Now let’s do the same for our new \(\Gamma\) rate heterogeneous model using the new phytools function fitgammaMk
pollen_gamma<-fitgammaMk(pollen_tree,pollen,
model="ARD",pi="fitzjohn",
rand_start=TRUE,min.alpha=0.01)
pollen_gamma
## Object of class "fitgammaMk".
##
## Fitted (or set) value of Q:
## 2 3
## 2 -0.007473 0.007473
## 3 0.009101 -0.009101
##
## Fitted (or set) value of alpha rate heterogeneity
## (with 4 rate categories): 0.015511
##
## Fitted (or set) value of pi:
## 2 3
## 0.88223 0.11777
## due to treating the root prior as (a) nuisance.
##
## Log-likelihood: -207.155259
##
## Optimization method used was "nlminb"
##
## R thinks it has found the ML solution.
Right away, it’s easy for me to ascertain that our \(\Gamma\) model is better-supported than our standard Mk model – but let’s run an anova
function call on the two objects to check.

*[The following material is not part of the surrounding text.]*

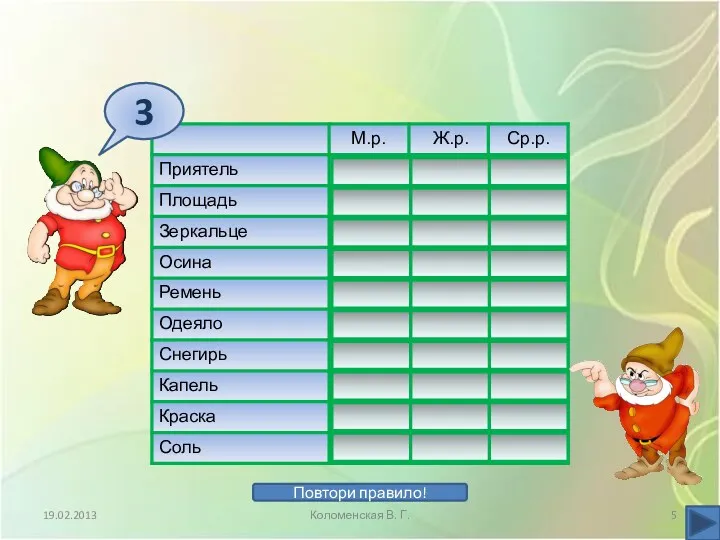 19.02.2013 Коломенская В. Г. Повтори правило! 3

anova(pollen_mk,pollen_gamma)
## log(L) d.f. AIC weight
## pollen_mk -215.2786 2 434.5573 0.0008053927
## pollen_gamma -207.1553 3 420.3105 0.9991946073
This indicates that almost all of the weight of evidence falls on our \(\Gamma\) variable-rate model.
As I showed this morning, it’s already straightforward to obtain ancestral states under our fitted model.
Here, I’m going to do it twice: once for our Mk model and then a second time for our \(\Gamma\) model. When I create my graph showing these marginal estimates mapped onto the tree, I’ll increase the node size of any node where neither state has a marginal scaled likelihood > 0.95.
pollen_mk.anc<-ancr(pollen_mk)
cex<-apply(pollen_mk.anc$ace,1,
function(x) if(any(x>0.95)) 0.1 else 0.3)
cols<-setNames(viridisLite::viridis(n=2),2:3)
plot(pollen_mk.anc,type="arc",arc_height=0.2,
args.nodelabels=list(cex=cex,piecol=cols))
mtext("a) standard Mk model",adj=0.05,line=-1)